▸ **RECORDS SUPPLIED**
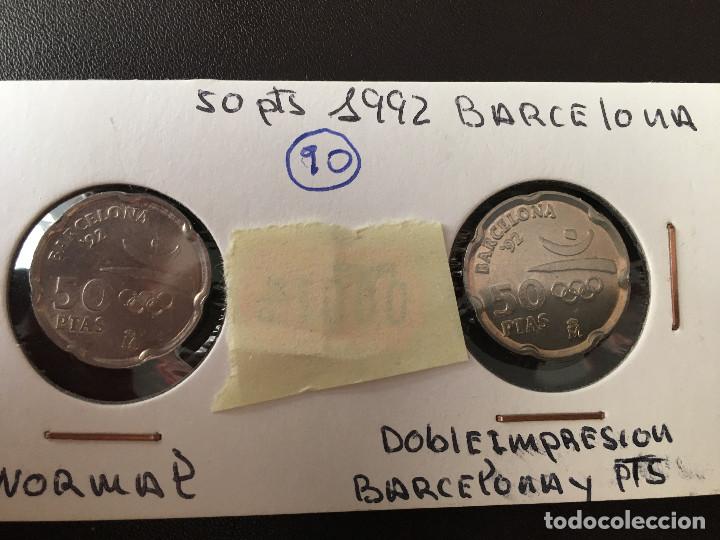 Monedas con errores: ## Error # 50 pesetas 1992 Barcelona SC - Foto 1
==
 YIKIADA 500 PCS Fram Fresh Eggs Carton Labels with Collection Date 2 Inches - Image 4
==
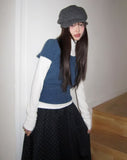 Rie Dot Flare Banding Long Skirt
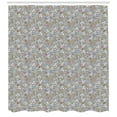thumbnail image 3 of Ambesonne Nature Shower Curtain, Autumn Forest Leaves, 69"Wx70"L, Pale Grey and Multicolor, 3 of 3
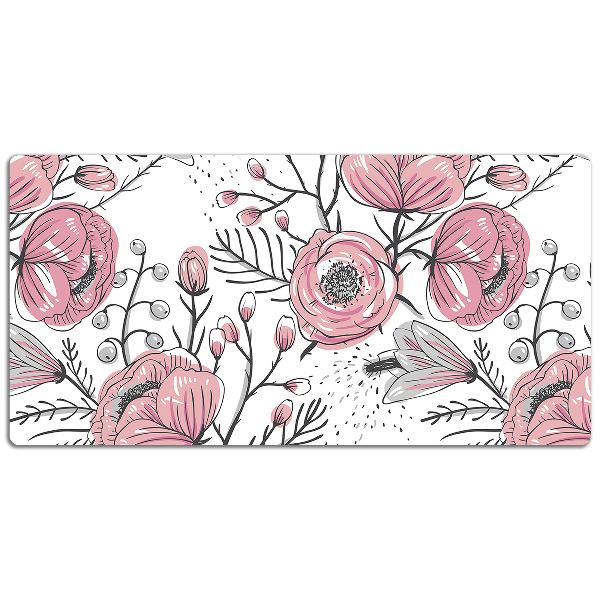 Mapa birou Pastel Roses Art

▸ **WHAT YOU HAVE TO DO**
Without the pictures, give again exactly the lines above starting at the line containing "Rie Dot Flare Banding Long Skirt" and ending at the line containing "Mapa birou Pastel Roses Art".

▸ **ANSWER TO THE EXERCISE**
 Rie Dot Flare Banding Long Skirt
thumbnail image 3 of Ambesonne Nature Shower Curtain, Autumn Forest Leaves, 69"Wx70"L, Pale Grey and Multicolor, 3 of 3
 Mapa birou Pastel Roses Art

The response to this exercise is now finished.